==== Records
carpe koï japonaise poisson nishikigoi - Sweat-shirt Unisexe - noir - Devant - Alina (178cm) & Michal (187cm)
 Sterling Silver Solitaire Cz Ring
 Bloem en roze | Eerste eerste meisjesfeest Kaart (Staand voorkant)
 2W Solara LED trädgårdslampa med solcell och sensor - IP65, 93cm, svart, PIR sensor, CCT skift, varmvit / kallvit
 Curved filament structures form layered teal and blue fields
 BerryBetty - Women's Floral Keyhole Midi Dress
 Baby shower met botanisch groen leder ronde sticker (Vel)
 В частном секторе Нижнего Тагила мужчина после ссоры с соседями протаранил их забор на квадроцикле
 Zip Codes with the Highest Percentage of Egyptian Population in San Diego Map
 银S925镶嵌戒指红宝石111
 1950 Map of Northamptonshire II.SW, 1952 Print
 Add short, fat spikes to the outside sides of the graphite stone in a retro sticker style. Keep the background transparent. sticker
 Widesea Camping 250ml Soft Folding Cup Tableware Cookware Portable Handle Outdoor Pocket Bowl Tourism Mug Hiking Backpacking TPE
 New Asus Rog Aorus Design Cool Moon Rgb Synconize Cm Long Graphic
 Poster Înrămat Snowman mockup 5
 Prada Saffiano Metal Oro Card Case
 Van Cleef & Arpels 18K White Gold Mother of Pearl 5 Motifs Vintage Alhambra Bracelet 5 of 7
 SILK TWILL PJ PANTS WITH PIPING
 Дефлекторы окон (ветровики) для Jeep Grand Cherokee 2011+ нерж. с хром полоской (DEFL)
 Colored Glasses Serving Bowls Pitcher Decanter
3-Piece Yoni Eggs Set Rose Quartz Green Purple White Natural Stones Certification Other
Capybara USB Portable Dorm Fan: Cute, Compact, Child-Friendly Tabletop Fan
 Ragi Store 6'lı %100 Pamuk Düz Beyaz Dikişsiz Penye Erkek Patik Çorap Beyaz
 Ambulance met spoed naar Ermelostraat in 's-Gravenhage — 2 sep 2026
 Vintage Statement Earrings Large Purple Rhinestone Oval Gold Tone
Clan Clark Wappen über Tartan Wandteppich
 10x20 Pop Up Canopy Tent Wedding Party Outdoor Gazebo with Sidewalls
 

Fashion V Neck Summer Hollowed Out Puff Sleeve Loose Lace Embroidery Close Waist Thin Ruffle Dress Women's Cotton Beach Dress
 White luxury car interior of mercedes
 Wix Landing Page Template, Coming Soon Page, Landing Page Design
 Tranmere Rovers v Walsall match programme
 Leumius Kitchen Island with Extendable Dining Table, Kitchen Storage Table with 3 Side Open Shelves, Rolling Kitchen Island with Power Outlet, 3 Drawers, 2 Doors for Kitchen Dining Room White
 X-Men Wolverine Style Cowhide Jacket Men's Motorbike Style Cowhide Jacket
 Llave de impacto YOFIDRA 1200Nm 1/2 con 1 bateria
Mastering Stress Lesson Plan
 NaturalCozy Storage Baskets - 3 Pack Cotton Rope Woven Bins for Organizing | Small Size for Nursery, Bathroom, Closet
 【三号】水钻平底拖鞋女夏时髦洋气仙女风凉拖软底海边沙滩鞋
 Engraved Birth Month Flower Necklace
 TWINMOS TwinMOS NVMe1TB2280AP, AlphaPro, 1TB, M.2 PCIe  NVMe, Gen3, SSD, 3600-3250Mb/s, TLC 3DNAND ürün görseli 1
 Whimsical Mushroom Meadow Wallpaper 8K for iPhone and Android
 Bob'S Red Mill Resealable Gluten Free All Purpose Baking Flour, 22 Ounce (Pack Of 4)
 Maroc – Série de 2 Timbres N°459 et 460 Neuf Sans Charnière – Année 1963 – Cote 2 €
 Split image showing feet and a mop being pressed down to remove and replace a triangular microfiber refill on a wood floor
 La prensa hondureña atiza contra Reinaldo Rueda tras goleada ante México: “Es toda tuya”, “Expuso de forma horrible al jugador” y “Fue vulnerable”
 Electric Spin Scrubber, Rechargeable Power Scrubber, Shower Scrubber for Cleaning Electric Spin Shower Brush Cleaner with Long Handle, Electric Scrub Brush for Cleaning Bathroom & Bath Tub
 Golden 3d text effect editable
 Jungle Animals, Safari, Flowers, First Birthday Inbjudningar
========
=== What the task requires ===
No line may be altered or left out when the data is written out.

=== Written response ===
carpe koï japonaise poisson nishikigoi - Sweat-shirt Unisexe - noir - Devant - Alina (178cm) & Michal (187cm)
 Sterling Silver Solitaire Cz Ring
 Bloem en roze | Eerste eerste meisjesfeest Kaart (Staand voorkant)
 2W Solara LED trädgårdslampa med solcell och sensor - IP65, 93cm, svart, PIR sensor, CCT skift, varmvit / kallvit
 Curved filament structures form layered teal and blue fields
 BerryBetty - Women's Floral Keyhole Midi Dress
 Baby shower met botanisch groen leder ronde sticker (Vel)
 В частном секторе Нижнего Тагила мужчина после ссоры с соседями протаранил их забор на квадроцикле
 Zip Codes with the Highest Percentage of Egyptian Population in San Diego Map
 银S925镶嵌戒指红宝石111
 1950 Map of Northamptonshire II.SW, 1952 Print
 Add short, fat spikes to the outside sides of the graphite stone in a retro sticker style. Keep the background transparent. sticker
 Widesea Camping 250ml Soft Folding Cup Tableware Cookware Portable Handle Outdoor Pocket Bowl Tourism Mug Hiking Backpacking TPE
 New Asus Rog Aorus Design Cool Moon Rgb Synconize Cm Long Graphic
 Poster Înrămat Snowman mockup 5
 Prada Saffiano Metal Oro Card Case
 Van Cleef & Arpels 18K White Gold Mother of Pearl 5 Motifs Vintage Alhambra Bracelet 5 of 7
 SILK TWILL PJ PANTS WITH PIPING
 Дефлекторы окон (ветровики) для Jeep Grand Cherokee 2011+ нерж. с хром полоской (DEFL)
 Colored Glasses Serving Bowls Pitcher Decanter
3-Piece Yoni Eggs Set Rose Quartz Green Purple White Natural Stones Certification Other
Capybara USB Portable Dorm Fan: Cute, Compact, Child-Friendly Tabletop Fan
 Ragi Store 6'lı %100 Pamuk Düz Beyaz Dikişsiz Penye Erkek Patik Çorap Beyaz
 Ambulance met spoed naar Ermelostraat in 's-Gravenhage — 2 sep 2026
 Vintage Statement Earrings Large Purple Rhinestone Oval Gold Tone
Clan Clark Wappen über Tartan Wandteppich
 10x20 Pop Up Canopy Tent Wedding Party Outdoor Gazebo with Sidewalls
 

Fashion V Neck Summer Hollowed Out Puff Sleeve Loose Lace Embroidery Close Waist Thin Ruffle Dress Women's Cotton Beach Dress
 White luxury car interior of mercedes
 Wix Landing Page Template, Coming Soon Page, Landing Page Design
 Tranmere Rovers v Walsall match programme
 Leumius Kitchen Island with Extendable Dining Table, Kitchen Storage Table with 3 Side Open Shelves, Rolling Kitchen Island with Power Outlet, 3 Drawers, 2 Doors for Kitchen Dining Room White
 X-Men Wolverine Style Cowhide Jacket Men's Motorbike Style Cowhide Jacket
 Llave de impacto YOFIDRA 1200Nm 1/2 con 1 bateria
Mastering Stress Lesson Plan
 NaturalCozy Storage Baskets - 3 Pack Cotton Rope Woven Bins for Organizing | Small Size for Nursery, Bathroom, Closet
 【三号】水钻平底拖鞋女夏时髦洋气仙女风凉拖软底海边沙滩鞋
 Engraved Birth Month Flower Necklace
 TWINMOS TwinMOS NVMe1TB2280AP, AlphaPro, 1TB, M.2 PCIe  NVMe, Gen3, SSD, 3600-3250Mb/s, TLC 3DNAND ürün görseli 1
 Whimsical Mushroom Meadow Wallpaper 8K for iPhone and Android
 Bob'S Red Mill Resealable Gluten Free All Purpose Baking Flour, 22 Ounce (Pack Of 4)
 Maroc – Série de 2 Timbres N°459 et 460 Neuf Sans Charnière – Année 1963 – Cote 2 €
 Split image showing feet and a mop being pressed down to remove and replace a triangular microfiber refill on a wood floor
 La prensa hondureña atiza contra Reinaldo Rueda tras goleada ante México: “Es toda tuya”, “Expuso de forma horrible al jugador” y “Fue vulnerable”
 Electric Spin Scrubber, Rechargeable Power Scrubber, Shower Scrubber for Cleaning Electric Spin Shower Brush Cleaner with Long Handle, Electric Scrub Brush for Cleaning Bathroom & Bath Tub
 Golden 3d text effect editable
 Jungle Animals, Safari, Flowers, First Birthday Inbjudningar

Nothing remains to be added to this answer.